Given information
▼
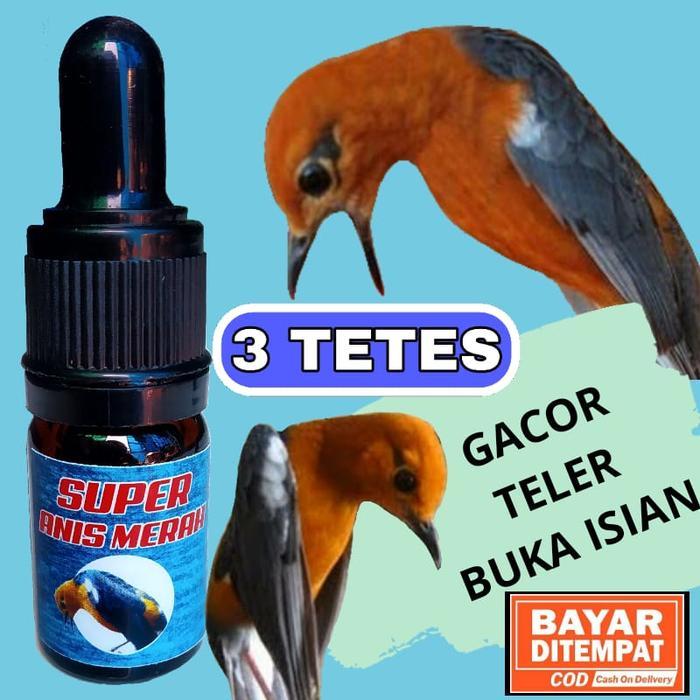 Ready Super Anis Merah Vitamin Penggacor Khusus Burung Anis Merah -Gratisongkir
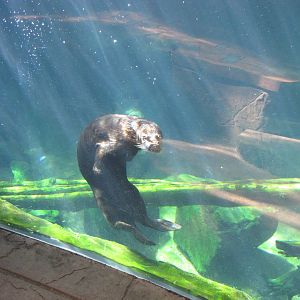 Minnesota Zoo 2010 - More of that amazing Sea Otter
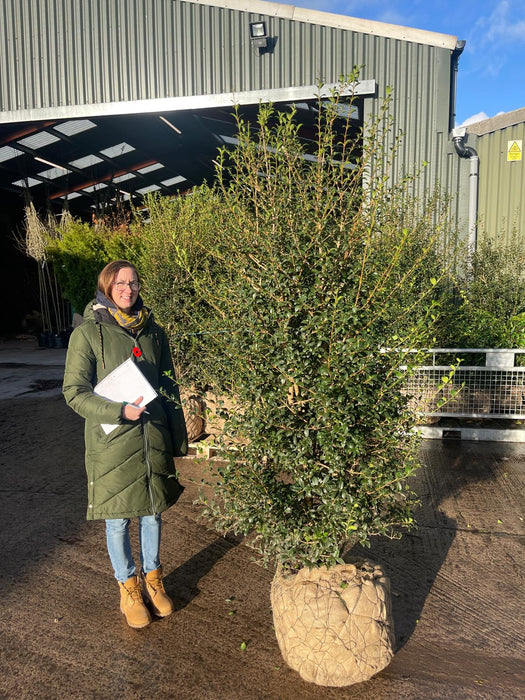 Osmanthus Burkwoodii Root Balled Solitaire Specimen 190/200cm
▲
Your instructions
Repeat the listing in full and exactly. Do not include any images.

Your solution
 Ready Super Anis Merah Vitamin Penggacor Khusus Burung Anis Merah -Gratisongkir
 Minnesota Zoo 2010 - More of that amazing Sea Otter
 Osmanthus Burkwoodii Root Balled Solitaire Specimen 190/200cm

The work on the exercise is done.